Clin Orthop Relat Res. 1993 Jun(291):124-37.
Posterior instability in athletes is a diagnostic and therapeutic challenge. Athletes have recurrent posterior subluxations rather than true dislocations, and they have pain rather than instability, which makes the diagnosis difficult. The pathology is usually capsular laxity rather than a true reverse Bankart lesion. There is not one diagnostic test, including computed tomography (CT) arthrogram, magnetic resonance imaging (MRI), or arthroscopy, that will always help with the diagnosis. Most athletes respond to conservative care with an exercise program designed to strengthen the posterior deltoid, the infraspinatus, and the teres minor; but, there is still a select group of athletes that cannot perform their sport after an extensive rehabilitation program. The surgical options for these athletes are varied, and the results in most cases are less than ideal. A posterior capsulorrhaphy was performed to treat this problem. This was initially performed with a staple, but this technique has been abandoned for a suture capsulorrhaphy to avoid staple problems. The 40 athletes treated operatively that had adequate follow-up evaluation reflected a 40% failure rate. Most of the failures were related to ligamentous laxity and unrecognized multidirectional instability not treated at the time of surgery. There may be subtle differences between a patient with posterior subluxation and multidirectional instability; these must be differentiated before operation. Also, the higher the competitive level of athlete, the worse the overall results. The high-level athlete must be informed that even if his or her shoulder is stabilized, the functional results may not allow him or her to continue at the same competitive level.

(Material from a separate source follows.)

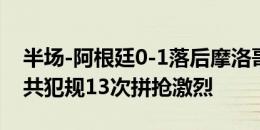 半场-阿根廷0-1落后摩洛哥 拉希米破门双方共犯规13次拼抢激烈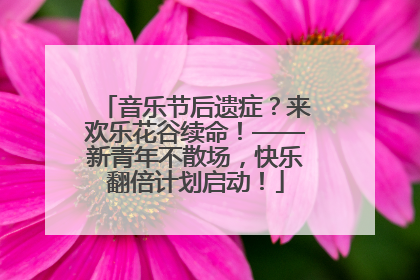 音乐节后遗症？来欢乐花谷续命！——新青年不散场，快乐翻倍计划启动！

运动员的肩关节后向不稳定是一个诊断和治疗方面的挑战。运动员常出现反复的后向半脱位而非真正的脱位,并且他们表现为疼痛而非不稳定,这使得诊断困难。其病理改变通常是关节囊松弛而非真正的反向Bankart损伤。没有一种诊断检查,包括计算机断层扫描(CT)关节造影、磁共振成像(MRI)或关节镜检查,能始终有助于诊断。大多数运动员通过旨在加强后三角肌、冈下肌和小圆肌的锻炼计划进行保守治疗后有反应;但是,仍有一部分运动员在经过广泛的康复计划后仍无法进行其运动项目。这些运动员的手术选择多种多样,且大多数情况下结果并不理想。采用了后关节囊缝合术来治疗这个问题。最初是用吻合钉进行,但由于吻合钉相关问题,该技术已被弃用而采用缝线关节囊缝合术。40例接受手术治疗且有充分随访评估的运动员反映出40%的失败率。大多数失败与韧带松弛以及手术时未识别和处理的多向不稳定有关。后向半脱位患者和多向不稳定患者之间可能存在细微差异;手术前必须加以区分。此外,运动员的竞技水平越高,总体结果越差。必须告知高水平运动员,即使其肩部得到稳定,功能结果可能也不允许他或她继续保持相同的竞技水平。